At a time when India and Pakistan are looking at cementing trade ties through the Attari-Wagah land border, trade has taken a hit after huge quantities of heroin hidden inside cement bags were seized in Punjab.
No cement stocks have moved from Pakistan after over 105 kg of heroin, one
of the biggest hauls and worth Rs.525 crore (nearly 100 million USD) in the international market, was found being smuggled in cement bags imported from Pakistani manufacturers in October.
In just over three months (July-October), various agencies seized over 135 kg of heroin smuggled into India through Pakistani cement bags. The seizure is valued at over Rs.675 crore in the international market.
Following the seizures, exporters as well as importers are treading with caution until a mechanism is in place to curb the drug smuggling through consignment.

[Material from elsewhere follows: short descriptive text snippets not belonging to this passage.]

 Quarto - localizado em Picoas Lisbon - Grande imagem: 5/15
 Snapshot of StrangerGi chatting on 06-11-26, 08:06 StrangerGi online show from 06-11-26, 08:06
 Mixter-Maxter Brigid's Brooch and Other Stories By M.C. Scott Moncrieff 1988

"We don't want to end up facing court cases. Moreover, we suffer losses as the stocks remain sealed after any drug seizure," a cement importer here, who did not wish to be identified, told IANS.
For the past three years, India has imported Pakistani cement in huge quantities owing to its rising demand in the infrastructure sector.

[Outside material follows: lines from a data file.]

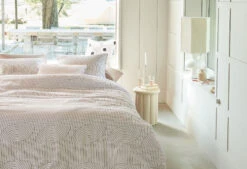 Vtwonen Broom Bow Dekbedovertrek Natural 12 Vtwonen Broom Bow Dekbedovertrek Natural -Comfort Beddengoed Winkel broom bow natural de dx 135x200 1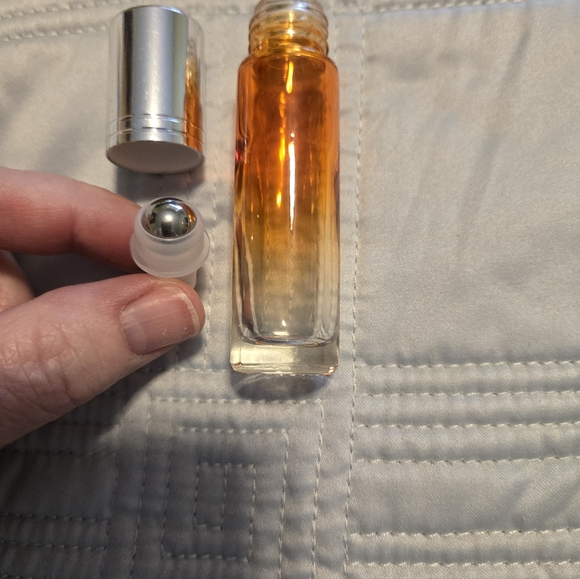 10ml glass bottle with roller ball - Picture 2 of 9
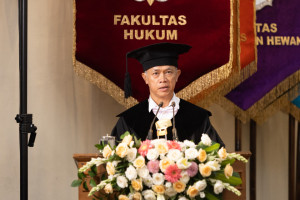 Professors Andy Omara and Herliana are inaugurated together at UGM’s Faculty of Law on their 25th wedding anniversary.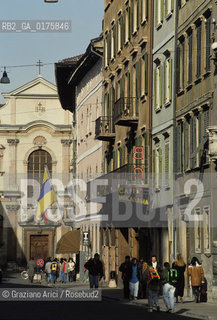 TRENTINO , TRENTO : VIA BELLENZANI  - © 2002 Graziano Arici/Rosebud2 / GEO / FONTANA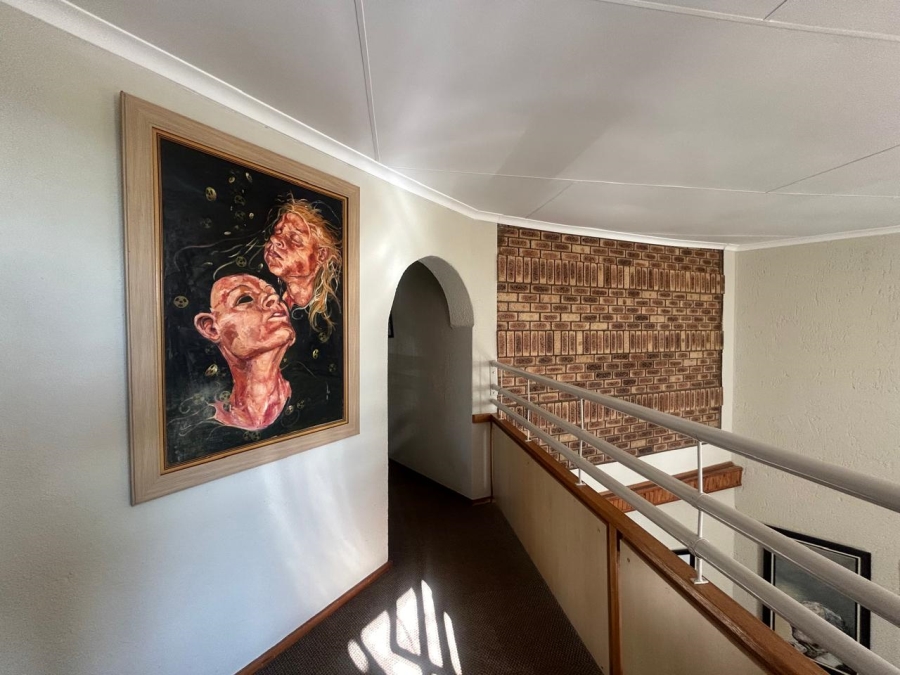 6 Bedroom Property for Sale in Rant En Dal Gauteng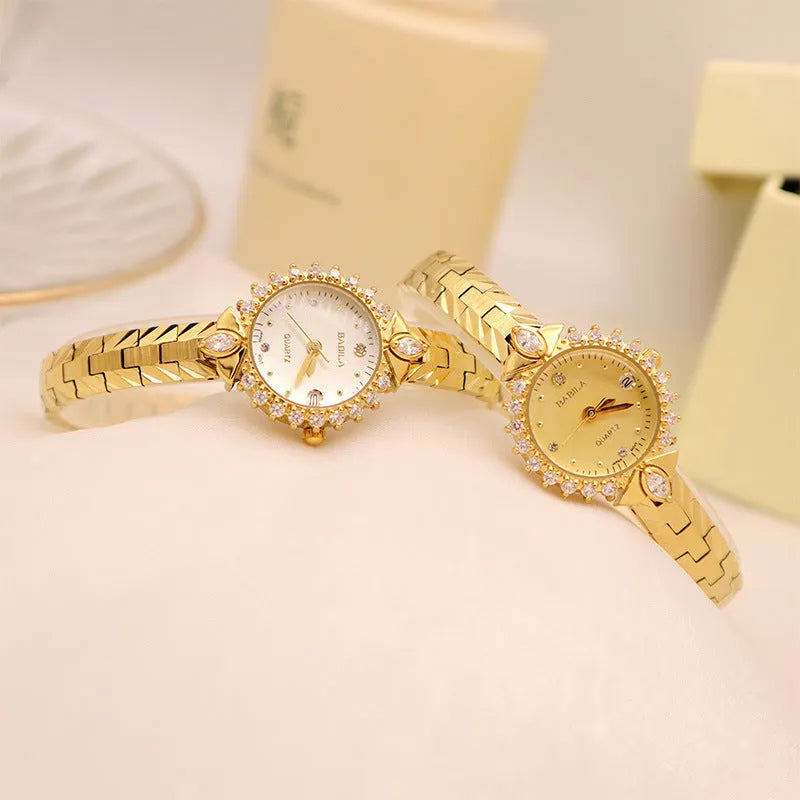 Women's vintage quartz watch with diamond-embossed bracelet in gold or golden white finish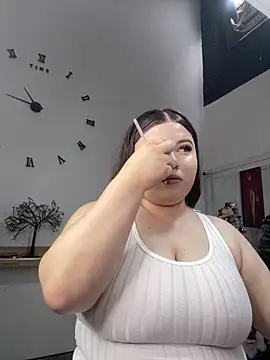 Snapshot of Kitty_Bms_ chatting on December 4, 2025, 8:28 pm Kitty Bms online show from December 4, 2025, 8:28 pm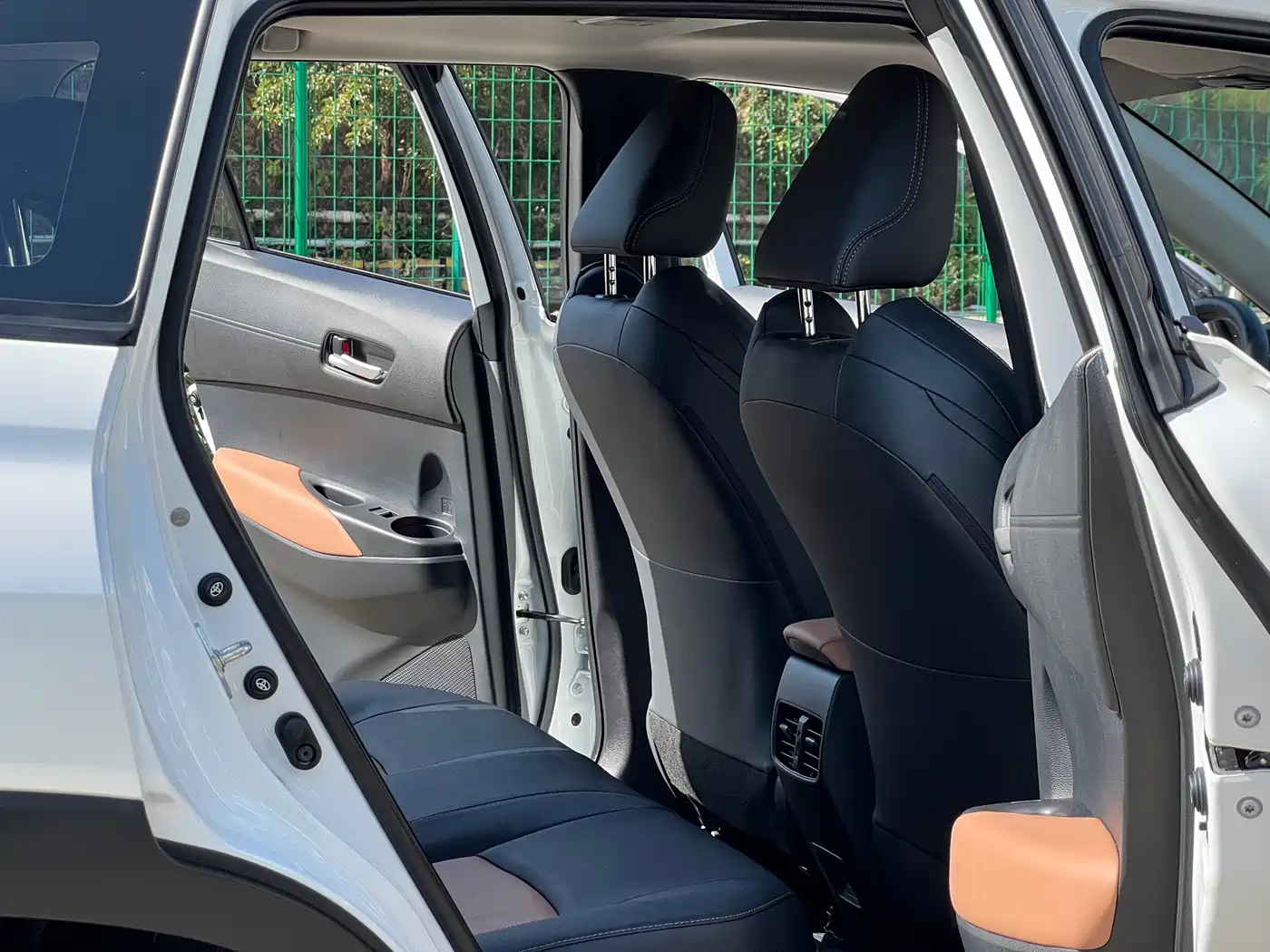 Toyota Frontlander 2023 2.0L CVT Sport Edition фото 13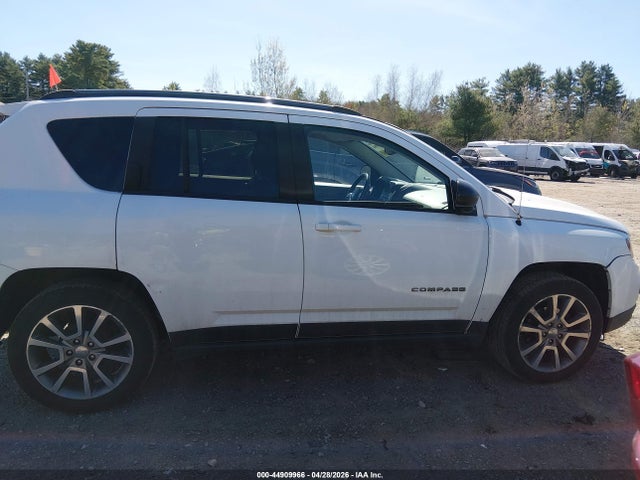 1C4NJCBA3GD591132 Jeep Compass Sport Se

In October alone, Pakistan sent 1,329 railway wagons loaded with cement bags to India. However, after the drug seizures, the number of cement wagons from Pakistan came down sharply to just 189 in November, said officials at Attari, about 30 km from here.
This has spelled trouble for Indian exporters as well, as they find it tough to send their goods to Pakistan since there are not enough wagons to carry them to that country. Their goods are piling up at the border.
Indian exporters and traders recently met railway officials to request that more wagons be made available for export of their goods.
The trade of goods between India and Pakistan is also carried out on trucks.
But the bulk of the goods are sent to either country in rail wagons.
"Importers in India are scared due to the drug seizures. The Pakistani exporters and traders have stopped sending in cement following these developments," M.P. Singh Chatha, president of the cement importers' association, told IANS.
Indian traders feel the issue can be resolved if authorities in both countries can work out an arrangement by which smuggling of drugs, particularly heroin, is curbed.
"Traders are scared. The decline in export and import in recent days is unprecedented," Rajesh Setia, a leading importer and exporter, told IANS.
Officials agreed that India-Pakistan trade has been affected in recent days.
"There is a steep decline in trade. There is virtually no trade taking place through the goods trains," Vijay Bahadur Singh, a customs official here, said.
Punjab is a major destination and transit point for drug smuggling through the Afghanistan-Pakistan-India route.
Various agencies, including the Border Security Force (BSF), Directorate of Revenue Intelligence, customs and Punjab Police, seize hundreds of kilograms of heroin and other drugs along the international border annually.
This year, the BSF alone has seized over 250 kg of heroin along the border.